Of course, I didn’t feel like I could keep this up. I had a huge amount of self doubt, and this was only about eight days in. “How am I going to keep this up for the whole month?” Because this is epic fiction I’m writing, with a lot of plates spinning, a lot of plot strands to keep track of, and a lot of characters, am I going to be able to do them all justice? Especially in those plot threads that I didn’t have so much material planned for.

But overcoming self doubt is another useful takeaway, and because I am obsessive enough to not give up, I forced myself to write. While this may not always produce the best results, it does actually produce results. And a few of those were actually quite surprising.

The Turning Point

This was fantastic. About twelve days into the month, I found myself writing a section that I’d planned out, that I’d skipped over a few days before, and had gone back to. I had planned to fill in that hole, and do two others. When I’d completed that first section, I checked my word count and was surprised to find I’d hit the target. The best thing was it didn’t feel like it. It felt like I’d written half of that. Which is awesome, because it meant I was growing my writing muscles back and I had material mapped out for the next few days.

So that’s another tick – Momentum.

It couldn’t last, however. I did have a few bad days. I couldn’t get into it, or I didn’t have time, or my stupid ‘real’ job sapped all my energy. So yes, I had a few troughs.

New Directions

Another surprising thing that I found was that, because I was ‘panic writing’ a lot, just letting things pour out, I made a lot of connections I would never have thought of previously. Different characters met up, interacted in different ways, and ended up in different places. This opened up a lot of new avenues for me to get to in the future.
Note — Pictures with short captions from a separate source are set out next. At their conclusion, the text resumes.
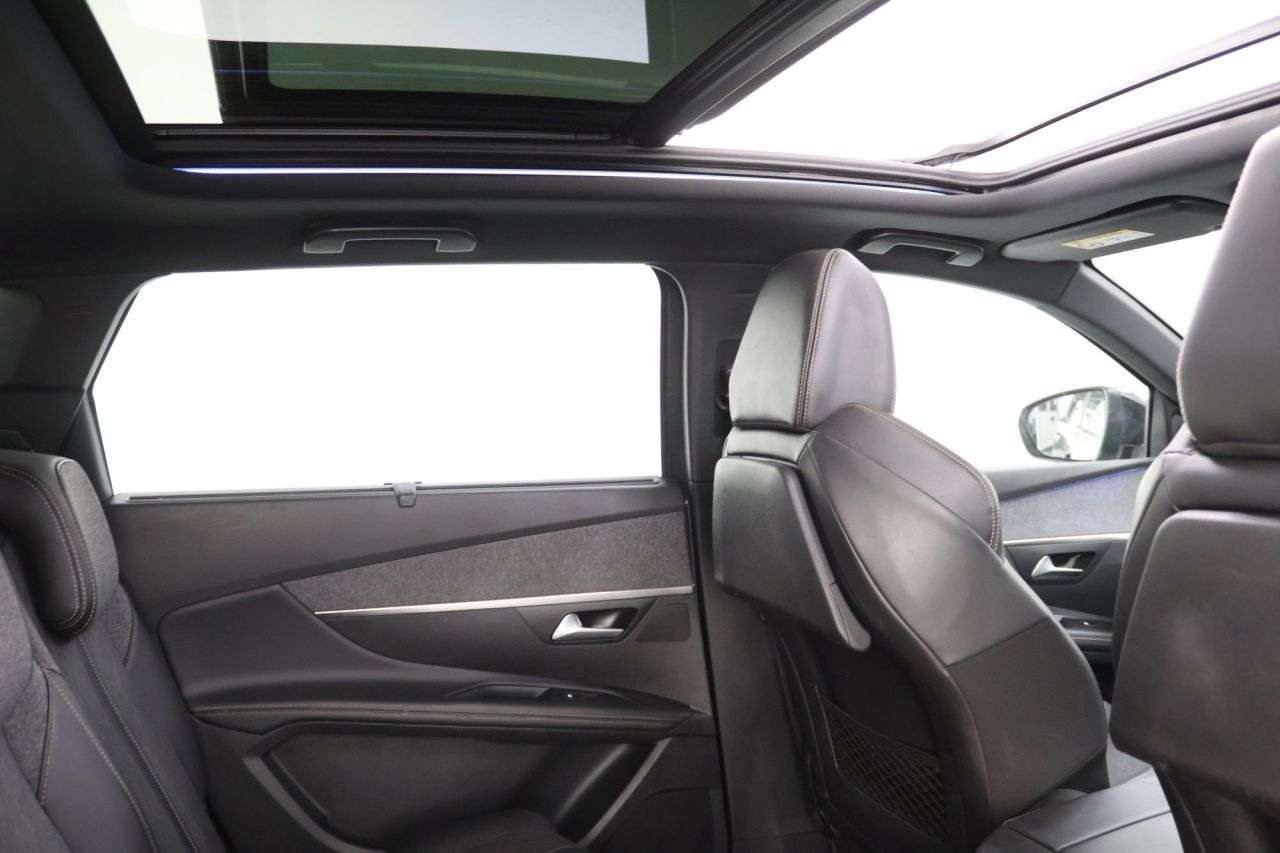 A 2018 PEUGEOT 5008 1.2 PureTech GT Line Premium SUV 5dr Petrol Manual Euro 6 (s/s) (130 ps) A 2018 PEUGEOT 5008 1.2 PureTech GT Line Premium SUV 5dr Petrol Manual Euro 6 (s/s) (130 ps)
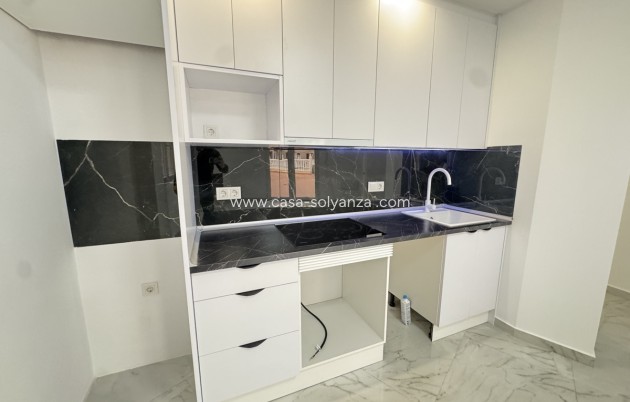 Resale - Apartment / flat - Torrevieja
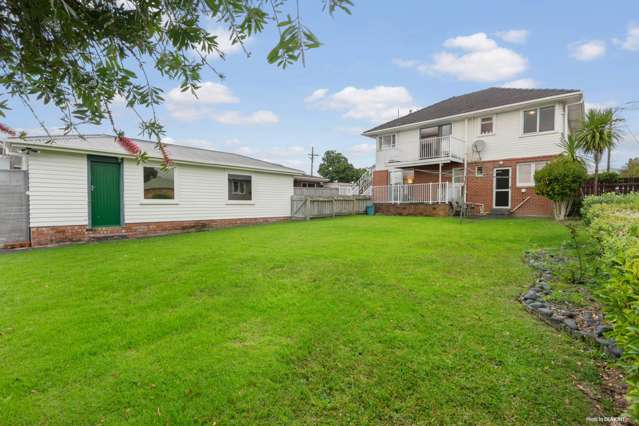 1 Amberley Avenue Te Atatu South_3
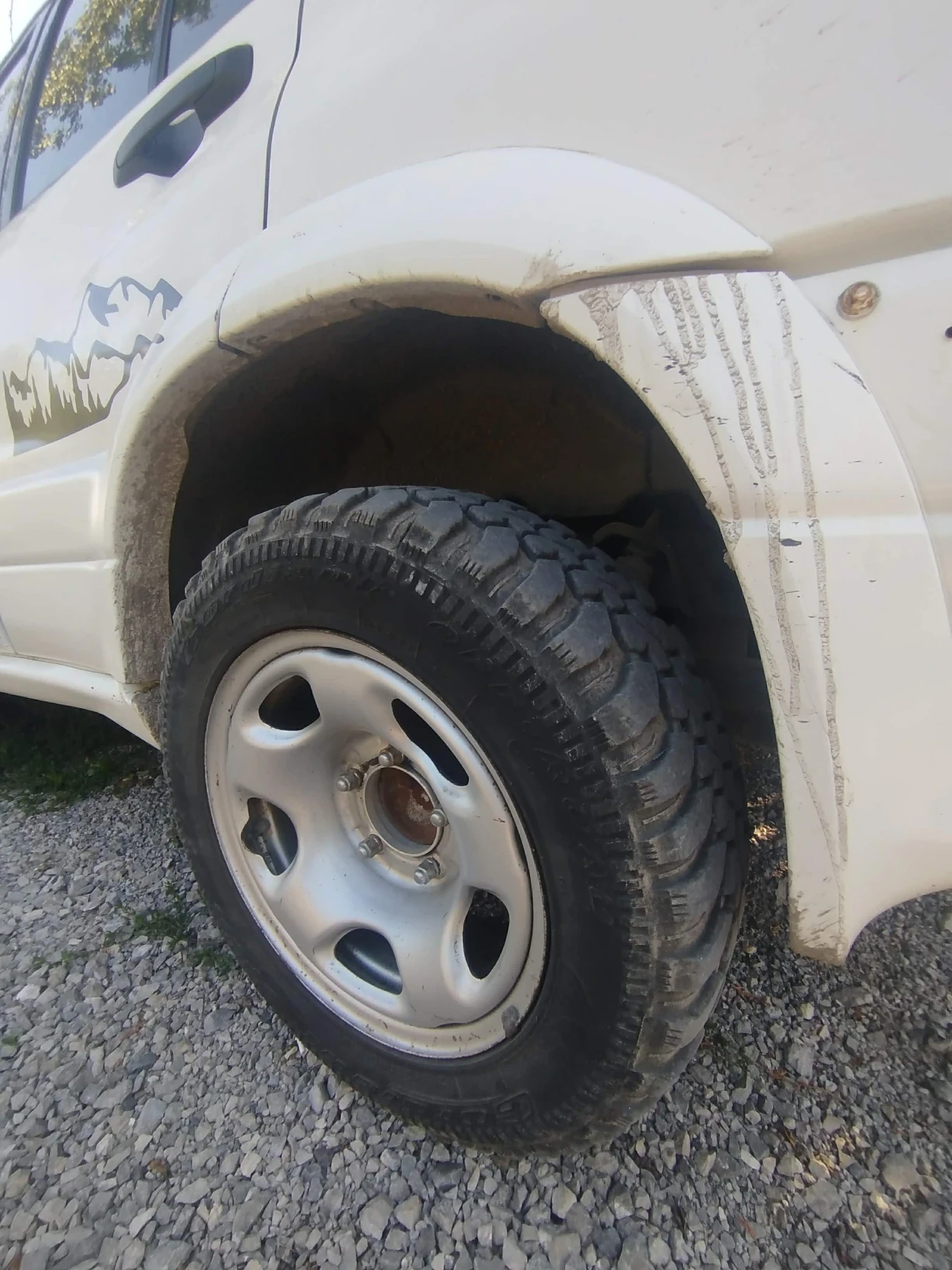Suzuki Vitara, снимка 8 - Автомобили и джипове - 55335153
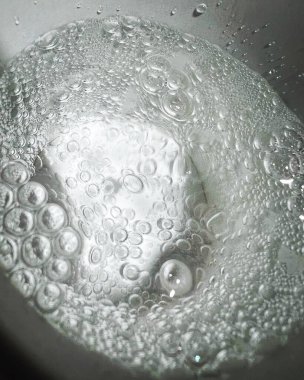 Lavaboda sabun yıkıyorum.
I also discovered, writing in this way, that I developed a lot more material for those plot-lines that I hadn’t had so much idea about before, filling in quite a bit of back story and world building along the way. On the flipside of that, the ‘main’ plots that I previously thought I knew more about, began to fizzle out a little. Though it did make me happy, in a sense, because it helped me focus more on what was originally weaker material, and made it stronger.

However… Defeat

Ultimately though, I do have to face the inevitable. I didn’t ‘win’ NaNoWriMo. I didn’t ‘complete’ my story. Despite all I have written in the past month, I am still so very far away from the finish line.

However!

The final takeaway (for me) is that completion isn’t necessarily the ultimate goal here (at least for this project). I managed to write 53,650 words this month. So in the past thirty days, I have managed to almost DOUBLE the word count I had for this project from the past three years.

Now that is an achievement.

Will I continue with this discipline, with this momentum? Hell ye… no! while it is impressive that I’ve written so much, I have reached the point where my spellchecker is no longer registering mistakes. So NoNoWriMo may be over, it’s time to head into NaNoEdMo.